1. Purpose of Estate Planning.
For most people, there are five major considerations in choosing between estate plans:
  

Avoiding probate
Minimizing taxes (estate taxes and income taxes, including capital gains taxes)
Controlling the future uses of the assets
Costs and other practical considerations
Protecting against future incapacity as well as death
  
At one time, the first two concerns motivated most estate plans. Today the prospect of long-term nursing care and tremendous medical expenses, coupled with a concern about the possibility of future mental incapacity play at least as large a role in most plans.

  
2. "Living" Trusts.
One of the most popular and enduring options for sophisticated estate planning is the Living Trust. Sometimes referred to as a "Revocable" or "Inter Vivos" Trust, this instrument creates a separate entity with specific and very individualized rules for its operation. Normally, it is completely revocable or amendable by its creator (referred to as the "Trustor") during his or her lifetime (though that may not always be advisable), and the trustee may be virtually any person, entity or combination of persons and entities. Some of the principal advantages of the Living Trust are:

a. Flexibility and Control.
The Living Trust offers the Trustor the maximum control over his or her assets in the present and in the predictable future. It provides the opportunity for directing the general uses of the trust assets after the death of the Trustor, and can be designed around the specific needs of the Trustor's family. A trust can be a way to ensure that money is available for the education of children or grandchildren, or for extraordinary care required for a disabled child or spouse.

b. Management of Assets.
One option for a Living Trust is to select a corporate trustee. Many banks maintain trust departments which can be selected to manage the trust estate. The Trustor may choose to act as Trustee himself, but the availability of professional asset management is attractive to many individuals.

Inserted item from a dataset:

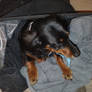 In The Clean Clothes Bag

c. Protection during Illness or Incapacity.
The Living Trust can be constructed to provide for management of assets during any period of illness or incapacity of the Trustor. This flexibility will normally avoid the necessity of conservatorship proceedings in the future, and will provide for the smooth transition of control from the Trustor to a trusted, selected individual or entity.

d. Continuity.
If the Trustor dies, the Living Trust continues to function as planned, with no break for the Probate process. Assets in the Living Trust normally are handled exactly as they were prior to the Trustor's death, and the trustee may be directed to either make the income available to a specific person or persons, or to distribute the assets outright and end the trust.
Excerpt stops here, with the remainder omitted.